Take the lines from the one containing "Hotel-S-Park Khammam Eksteriør bilde" through the end of the material and write them out exactly, omitting pictures.

• **Data section**
BEGIN
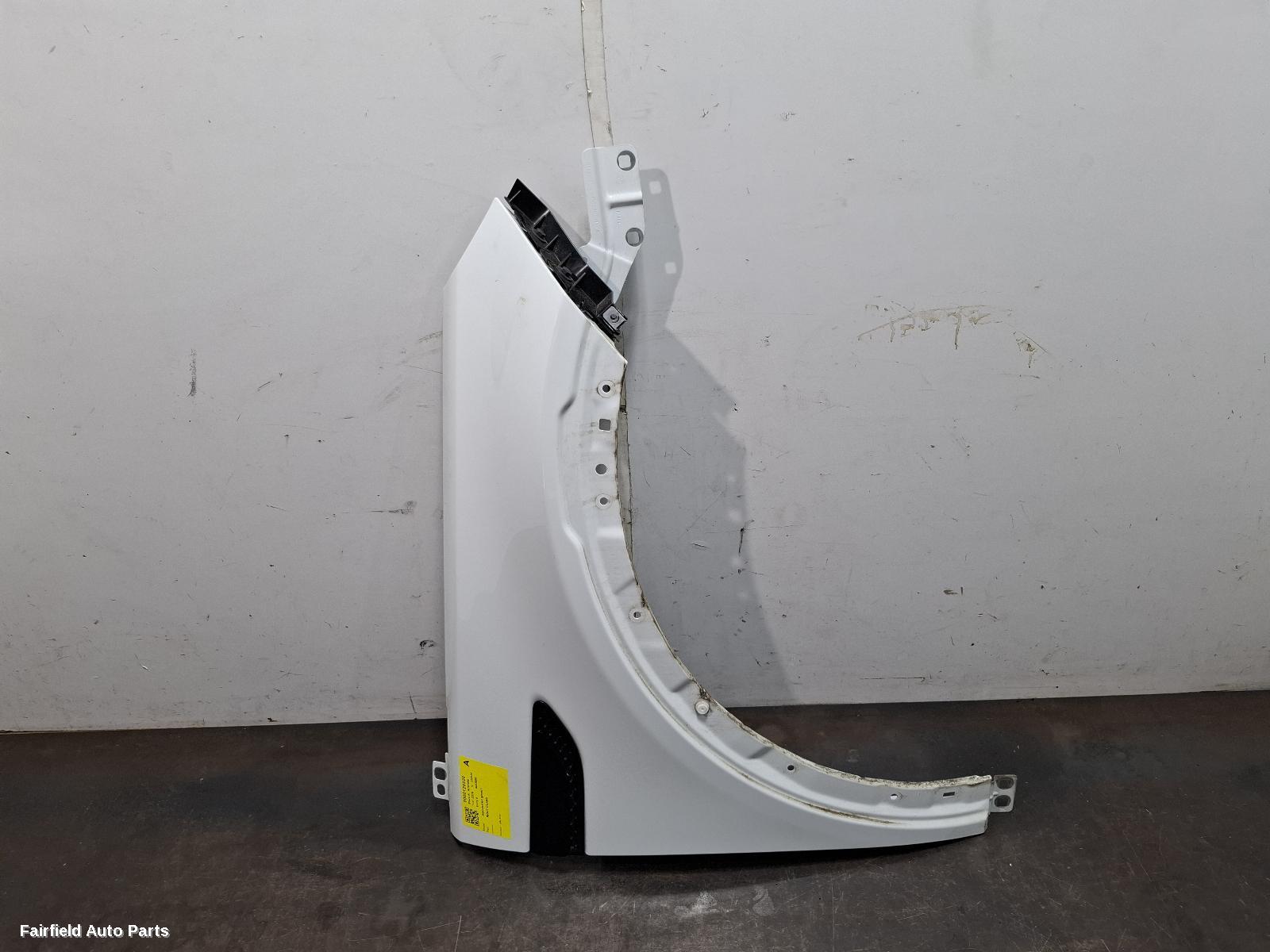 2015-2026 Land Rover Discovery Sport Right Guard
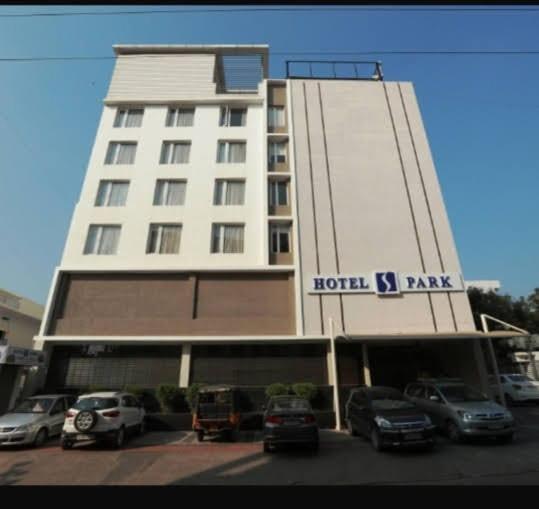 Hotel-S-Park Khammam Eksteriør bilde
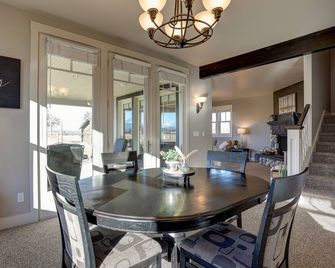 Stunning Mountain View Home In Sisters! Walk to town!! - Sisters - Jídelna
END
• **Solution for this task**
 Hotel-S-Park Khammam Eksteriør bilde
 Stunning Mountain View Home In Sisters! Walk to town!! - Sisters - Jídelna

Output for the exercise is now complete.